§ **Your goal**
Copy every line of the data below exactly as given, except for the pictures.

§ **Data section**
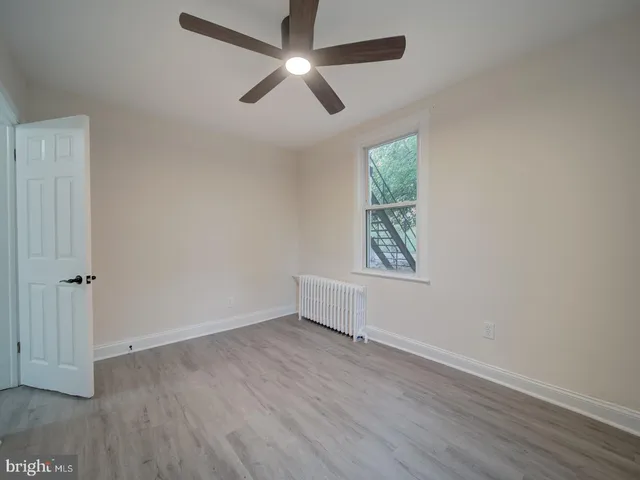 an empty room with wooden floor ceiling fan and windows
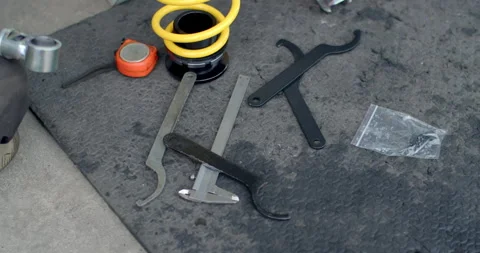 Tools for installing shock absorbers.Shock absorbers with adjustable height. Stock Footage 310015102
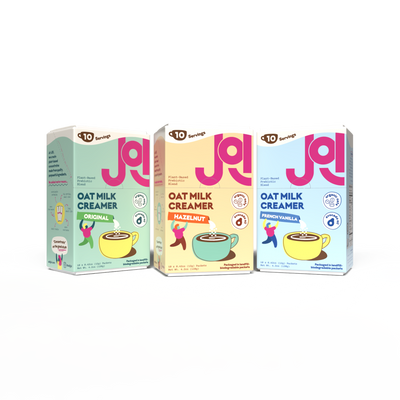 Three oat milk creamer cartons in original, hazelnut, and French vanilla varieties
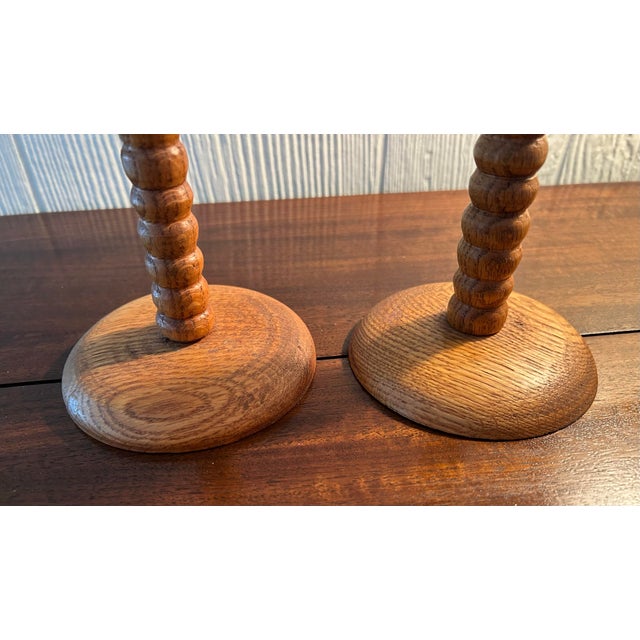 A pair of unique Victorian bobbin turned oak candlestick holders with turned round bases. 11" tall, base 4" wide.Brass...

§ **Exercise solution**
 an empty room with wooden floor ceiling fan and windows
 Tools for installing shock absorbers.Shock absorbers with adjustable height. Stock Footage 310015102
 Three oat milk creamer cartons in original, hazelnut, and French vanilla varieties
 A pair of unique Victorian bobbin turned oak candlestick holders with turned round bases. 11" tall, base 4" wide.Brass...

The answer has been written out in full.